ASSIGNMENT: The reply should hold only the lines below beginning at the one with "銀座　理容室　メンズパーマ　ナチュラルパーマ" and ending at the one with "Work surface savers Pampas grass", copied exactly, with every picture left out.

DATA TO EXAMINE:
- - -

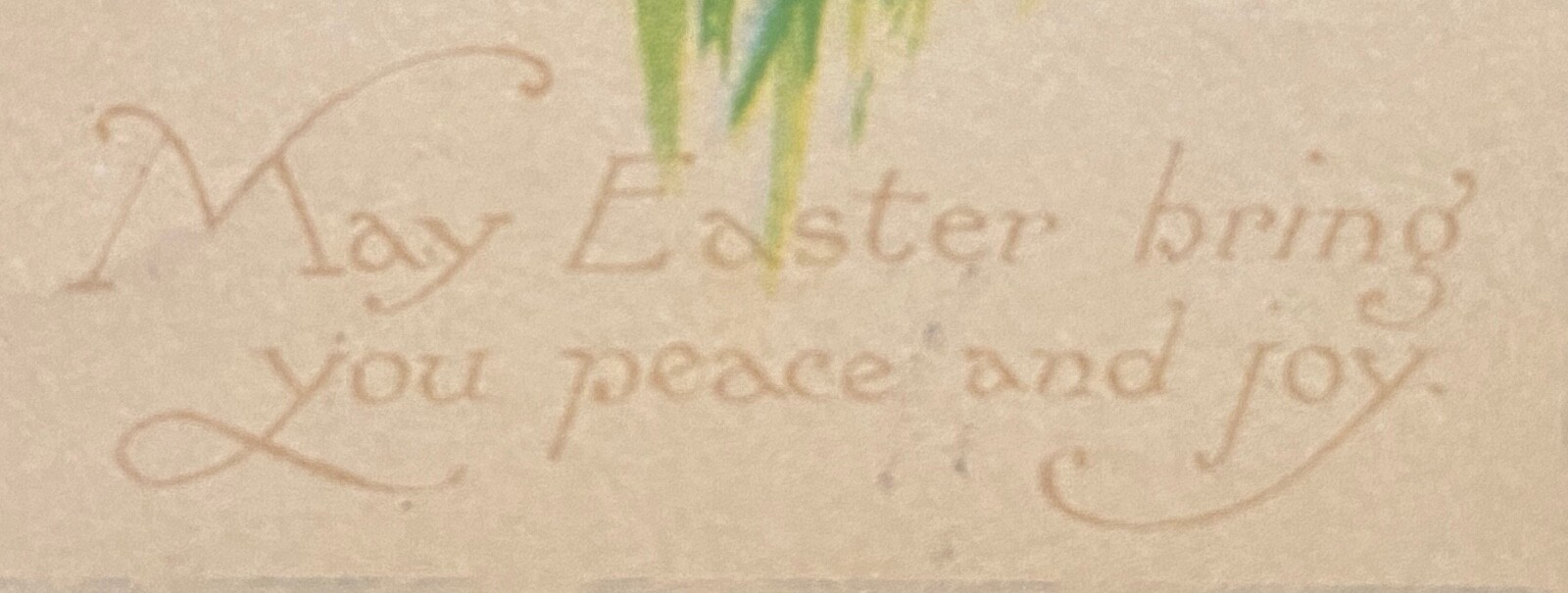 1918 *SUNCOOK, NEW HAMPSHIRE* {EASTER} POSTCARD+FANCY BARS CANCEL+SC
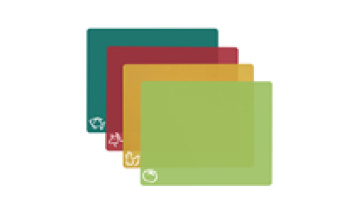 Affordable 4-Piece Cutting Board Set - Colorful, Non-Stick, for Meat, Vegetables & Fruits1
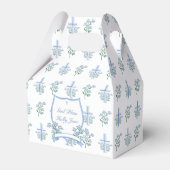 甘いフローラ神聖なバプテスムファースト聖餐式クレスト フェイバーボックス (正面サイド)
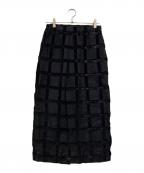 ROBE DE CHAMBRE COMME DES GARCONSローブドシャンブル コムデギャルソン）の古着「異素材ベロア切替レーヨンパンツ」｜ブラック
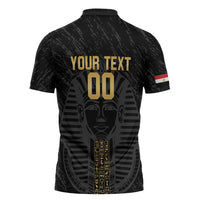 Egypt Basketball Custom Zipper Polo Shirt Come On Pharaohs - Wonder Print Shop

- - -

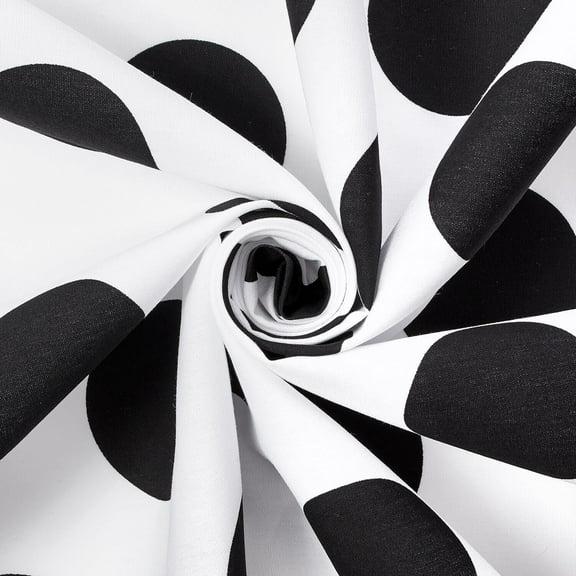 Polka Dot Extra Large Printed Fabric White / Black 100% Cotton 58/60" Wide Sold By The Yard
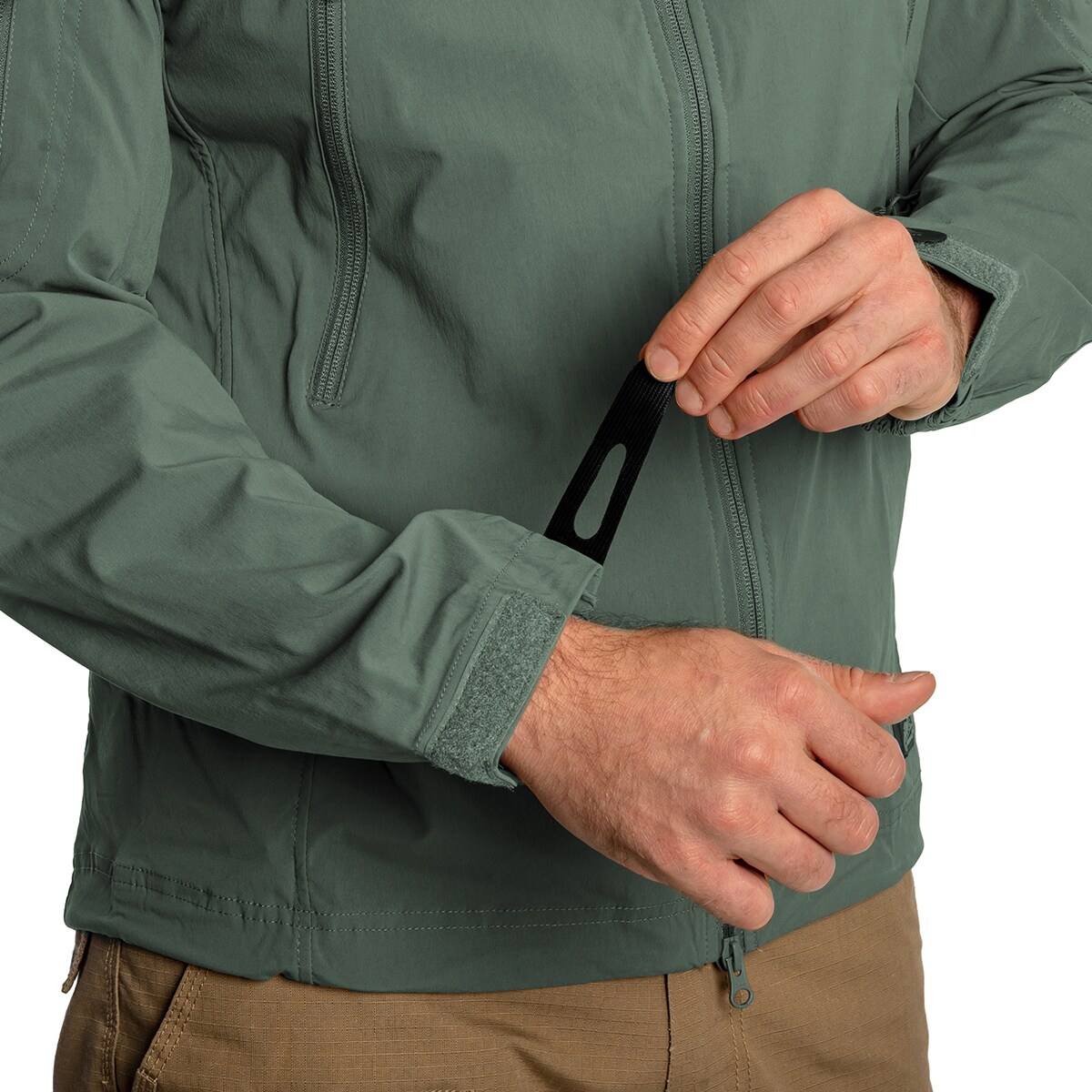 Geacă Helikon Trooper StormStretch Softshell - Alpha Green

- - -

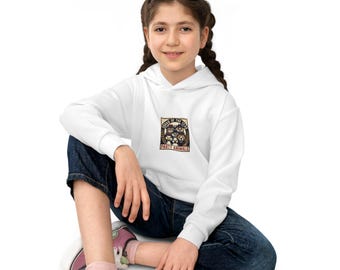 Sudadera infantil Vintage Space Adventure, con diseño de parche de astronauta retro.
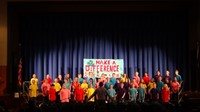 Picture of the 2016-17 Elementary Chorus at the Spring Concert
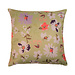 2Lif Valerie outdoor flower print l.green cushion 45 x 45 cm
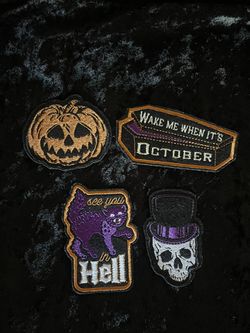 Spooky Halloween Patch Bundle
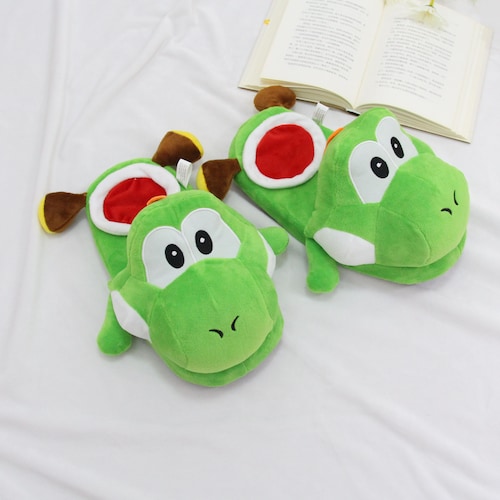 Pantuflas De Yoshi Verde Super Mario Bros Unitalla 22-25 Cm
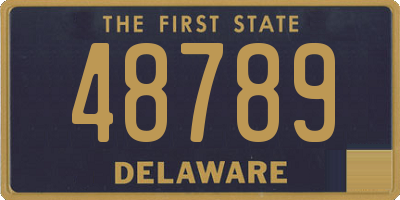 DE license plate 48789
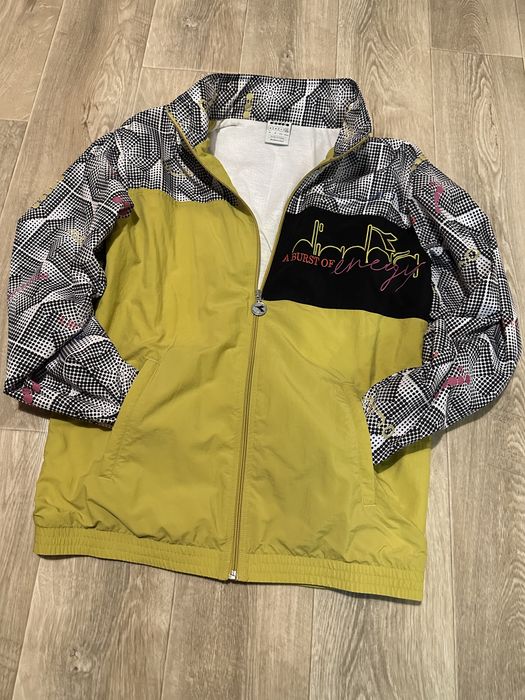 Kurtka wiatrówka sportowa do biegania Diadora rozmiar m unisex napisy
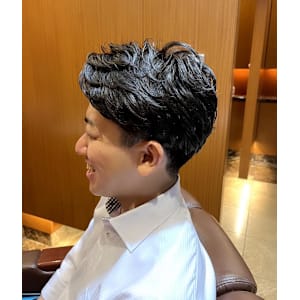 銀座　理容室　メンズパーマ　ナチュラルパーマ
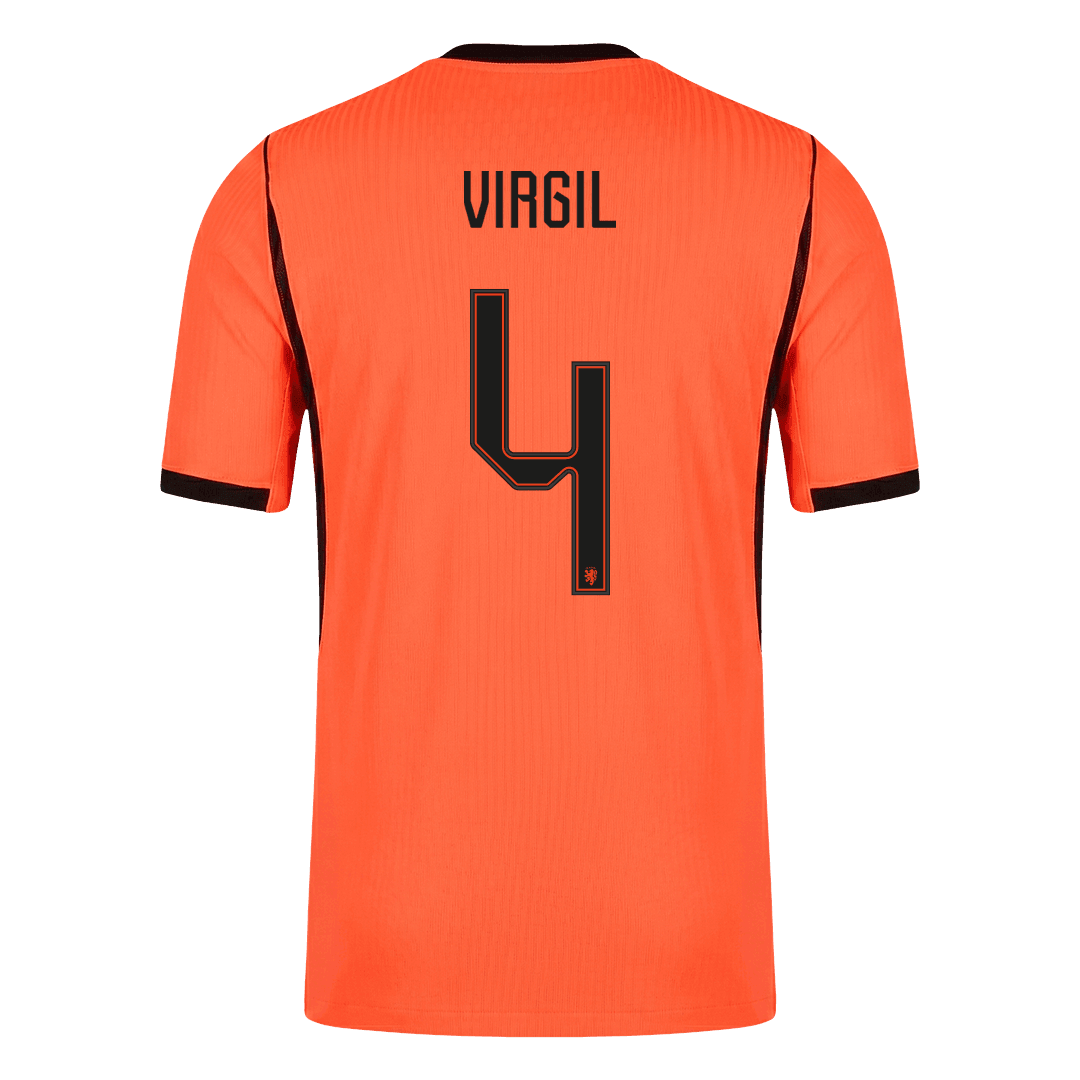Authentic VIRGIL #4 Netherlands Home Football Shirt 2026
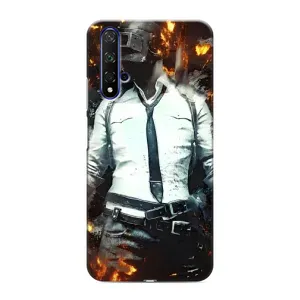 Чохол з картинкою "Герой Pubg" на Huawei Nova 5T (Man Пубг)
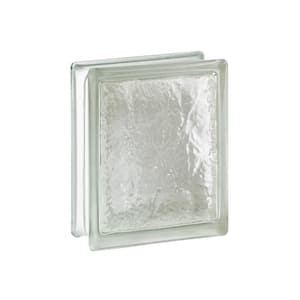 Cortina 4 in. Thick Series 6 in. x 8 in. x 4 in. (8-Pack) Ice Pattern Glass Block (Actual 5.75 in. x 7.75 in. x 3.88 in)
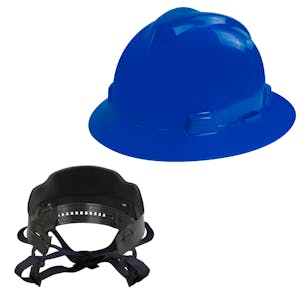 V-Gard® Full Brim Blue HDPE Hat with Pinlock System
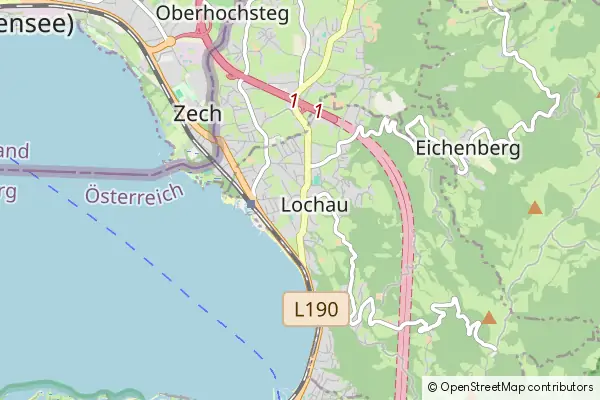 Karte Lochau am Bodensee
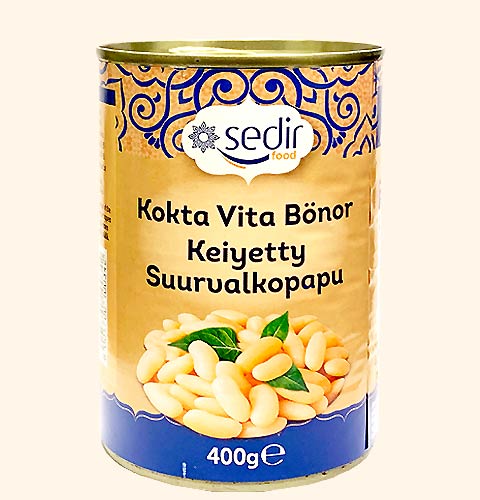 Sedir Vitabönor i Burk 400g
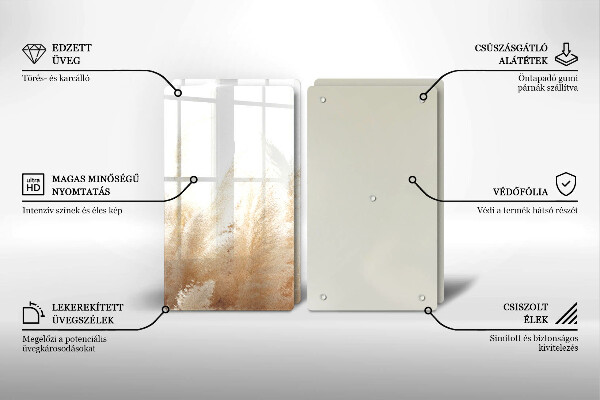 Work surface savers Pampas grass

- - -

WRITTEN REPLY:
 銀座　理容室　メンズパーマ　ナチュラルパーマ
Authentic VIRGIL #4 Netherlands Home Football Shirt 2026
 Чохол з картинкою "Герой Pubg" на Huawei Nova 5T (Man Пубг)
 Cortina 4 in. Thick Series 6 in. x 8 in. x 4 in. (8-Pack) Ice Pattern Glass Block (Actual 5.75 in. x 7.75 in. x 3.88 in)
 V-Gard® Full Brim Blue HDPE Hat with Pinlock System
 Karte Lochau am Bodensee
 Sedir Vitabönor i Burk 400g
 Work surface savers Pampas grass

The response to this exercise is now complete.